**Exercise instructions:** Print exactly the lines below between the line containing "Wikipeda: Die Kathedrale" and the line containing "ぼたん 【中古】 【USED】 【リサイクル】 ★★★☆☆ (15)", counting both of those lines. Leave pictures out.

Short descriptive text snippets:
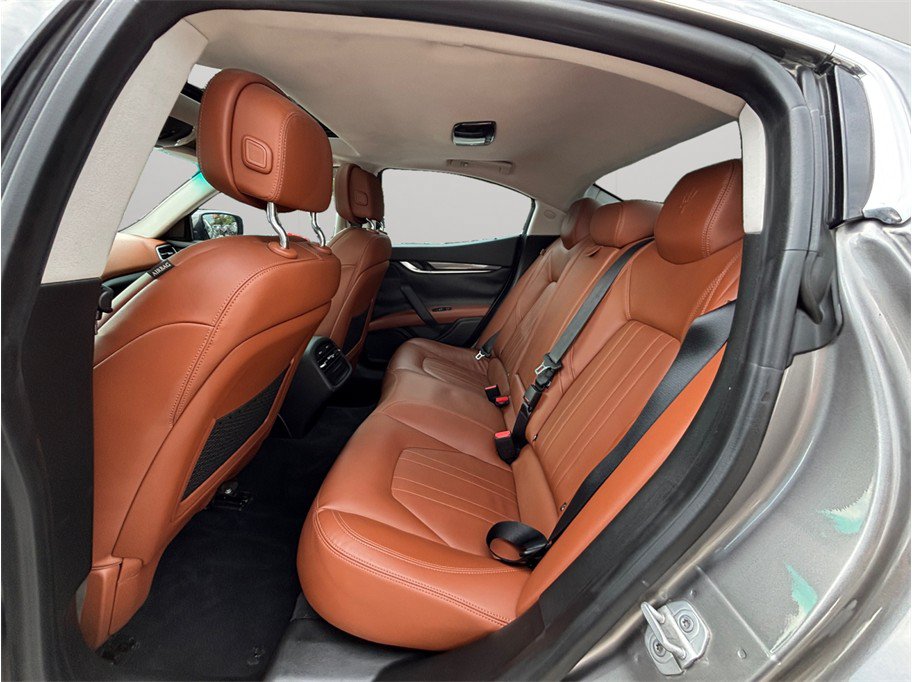 Used 2016 Maserati Ghibli RWD image 32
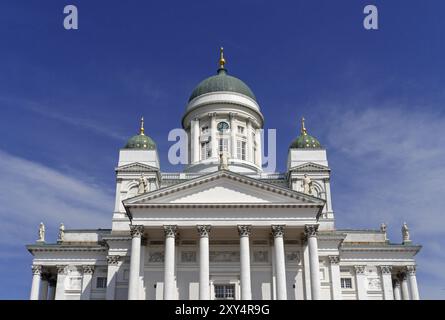 Wikipeda: Die Kathedrale ist Teil des neoklassizistischen Zentrums von Helsinki, erbaut zwischen 1820 und 1850. Carl Ludwig Engel entwarf die ersten Pläne Stockfoto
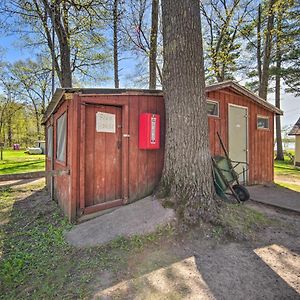 Вілла Convenient Cabin With Access To 3 Boat Docks! Northwoods Beach Exterior photo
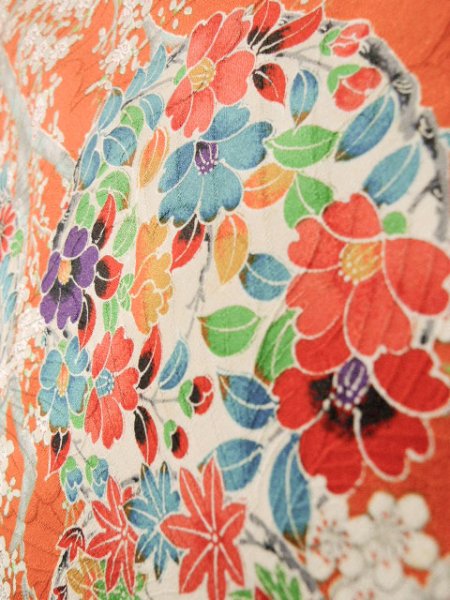 画像15: J1223C  振袖 女性用着物  シルク(正絹)   オレンジ, ぼたん 【中古】 【USED】 【リサイクル】 ★★★☆☆ (15)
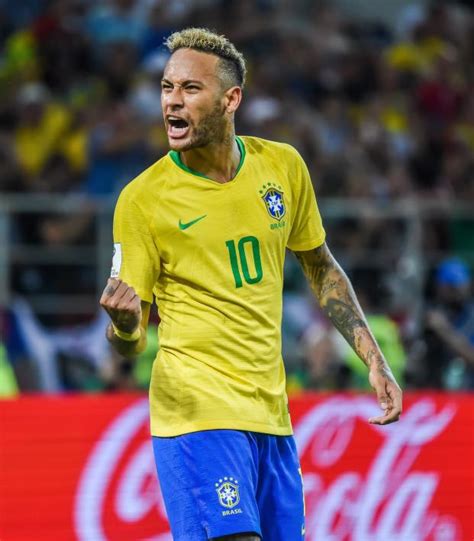 Neymar, futbolcular, neymar jr hakkında daha fazla fikir görün. Neymar Nike Cleats: Mercurial Vapor NJR Silencio 2019 Photos And Info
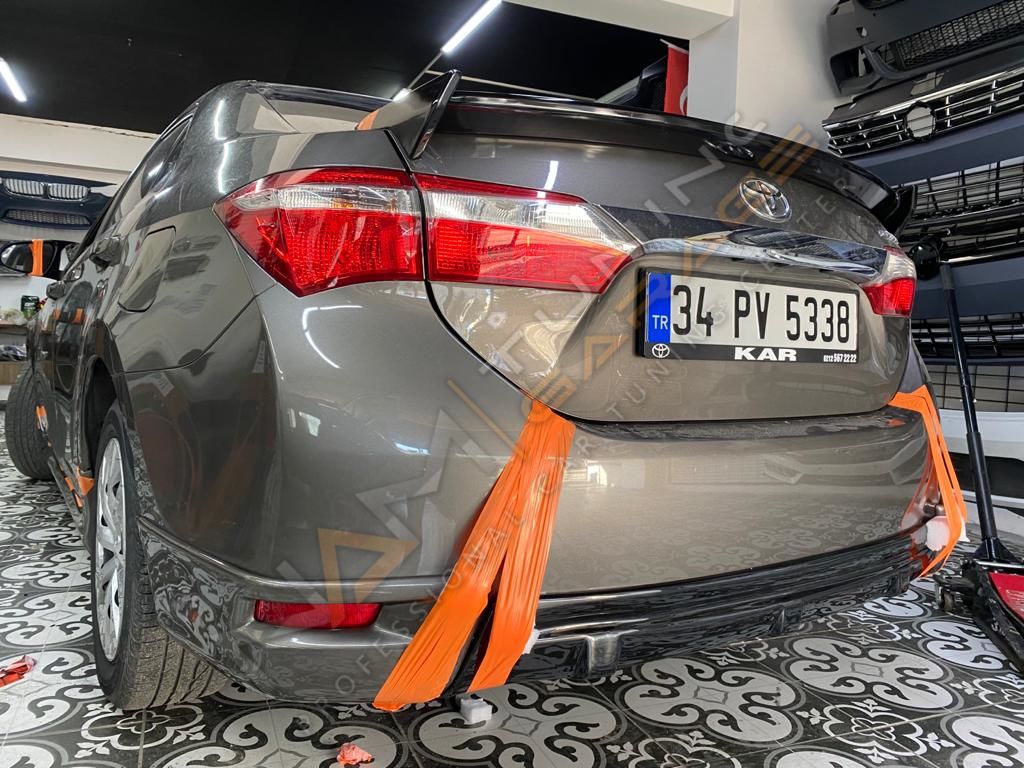 Toyota Corolla Arka Flap + Orta Difüzör (Plastik) 2013-2018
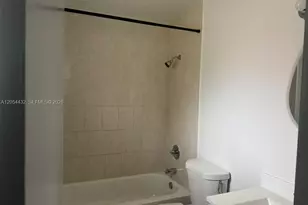 642 E 2nd Ave, Hialeah, FL 33010 - Photo 17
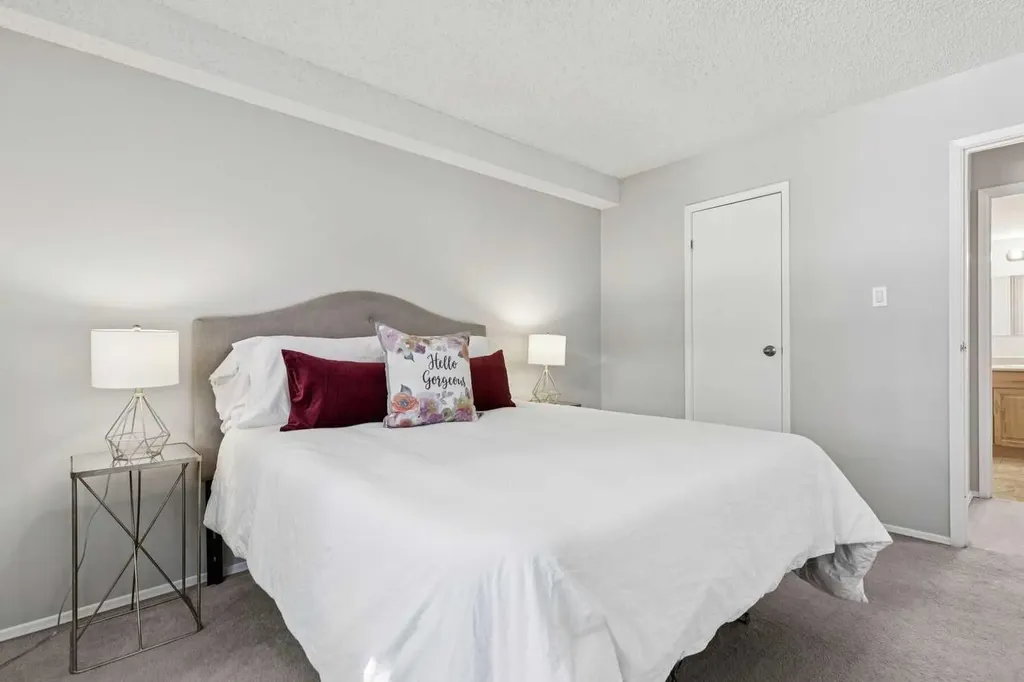 315 Southampton Drive SW Calgary AB T2W2T6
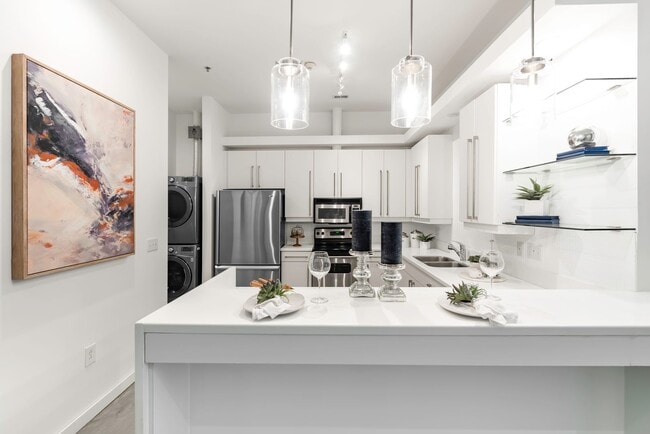 Building Photo - Modern 2 Bed, 2 Bath Downtown Raleigh Cond...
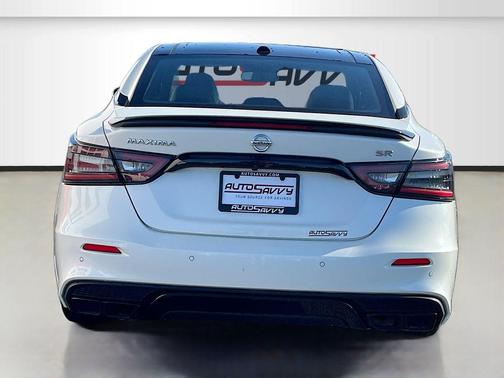Pearl White Tricoat 2022 Nissan Maxima SR Xtronic CVT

**Task answer:**
 Wikipeda: Die Kathedrale ist Teil des neoklassizistischen Zentrums von Helsinki, erbaut zwischen 1820 und 1850. Carl Ludwig Engel entwarf die ersten Pläne Stockfoto
 Вілла Convenient Cabin With Access To 3 Boat Docks! Northwoods Beach Exterior photo
 画像15: J1223C  振袖 女性用着物  シルク(正絹)   オレンジ, ぼたん 【中古】 【USED】 【リサイクル】 ★★★☆☆ (15)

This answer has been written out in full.